Daisy Edgar-Jones wants to dance again with Fresh co-star Sebastian Stan

Daisy Edgar-Jones kept us all glued to our screens during lockdown in 2020 with the brilliant Normal People, and now she’s back with a very different role in twisted thriller Fresh.

Available to watch now in the UK on Disney+, the movie sees Edgar-Jones play Noa who, frustrated with dating apps and awful dates, decides to take a chance on the enigmatic Steve (Sebastian Stan) when they meet at a grocery store.

It’s not long before Noa falls hard for Steve and decides to accept an invitation to a romantic weekend away. Unsurprisingly, things don’t turn out as planned as Noa starts to discover that Steve is hiding a very dark secret.

Ahead of its release, Digital Spy spoke to Daisy Edgar-Jones about keeping the wild twists of Fresh a secret, moving on from Normal People and why she wants to reprise Fresh’s dance scenes with Sebastian Stan in real life.

We went in blind to Fresh and it really added to the experience, so is this a difficult movie to talk about as you don’t really want to give away how it goes?

It is, actually.
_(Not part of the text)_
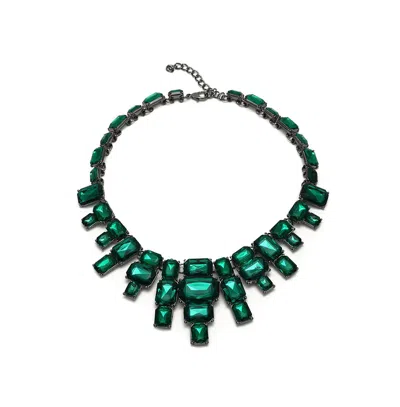 Sohi Women's Green Maxi Stone Statement Necklace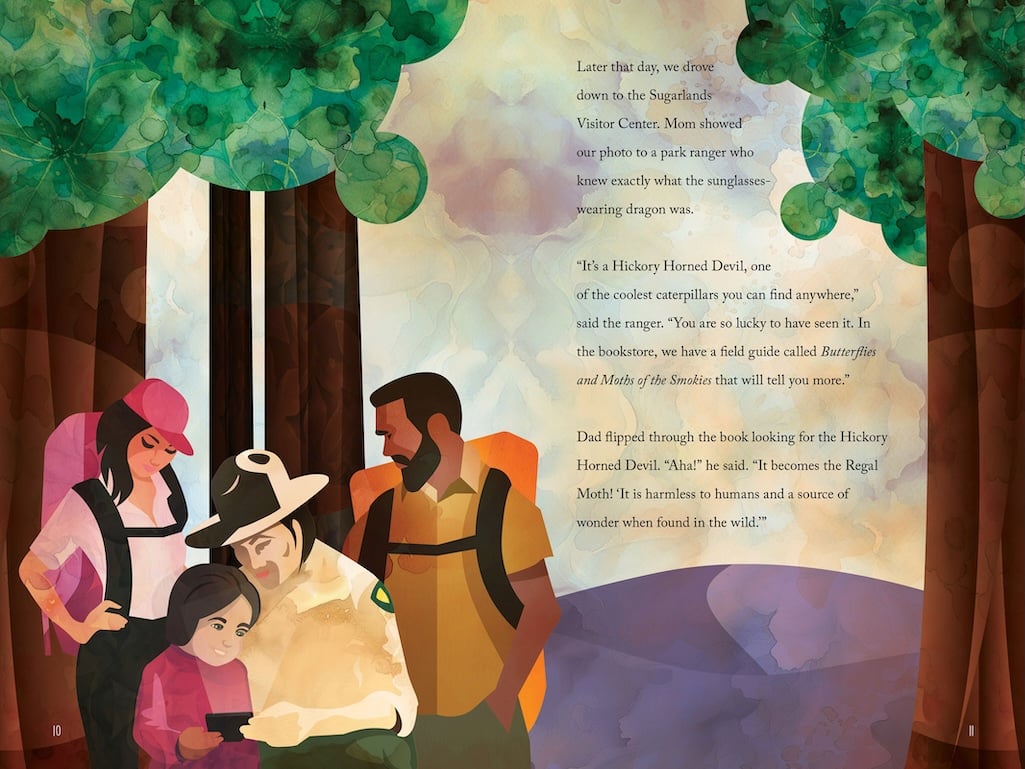 A colorful illustration by Matt Brass shows a young Camilla getting her first lesson on the important role caterpillars play in the landscape from a ranger in Great Smoky Mountains National Park. Image provided by Smokies Life. A colorful illustration by Matt Brass shows a young Camilla getting her first lesson on the important role caterpillars play in the landscape from a ranger in Great Smoky Mountains National Park. Image provided by Smokies Life.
I’m so glad that you went in not knowing and with fresh eyes, pardon the pun. I hope that’s what most people’s experience is, it certainly was mine reading the script.

I didn’t know what was coming and I think that is so much fun because it definitely takes you on a bit of a ride. It is hard to talk about because you want to talk about it, but also you want to keep as much of it a secret, so I’m hopefully treading that line as best as I can.

You can pretend it’s just a rom-com with Sebastian Stan as it is until that delayed title sequence hits at 30 minutes. Was that always in the script?

That wasn’t there. That was a stroke of genius from Mimi [Cave]. I didn’t know that was going to be the case and I similarly was like, ‘Oh my God!’ when I saw it because I love it. I love the lettering they use in the font of the words.

I just thought that was so cool because it really is a film of two completely different films and it felt that way filming it.

We were lucky to do the first half of it in the first few weeks of filming, so we all got very comfortable with each other. Weirdly, we filmed the end after that and then the middle last, so it was a bit of a strange way of going about it.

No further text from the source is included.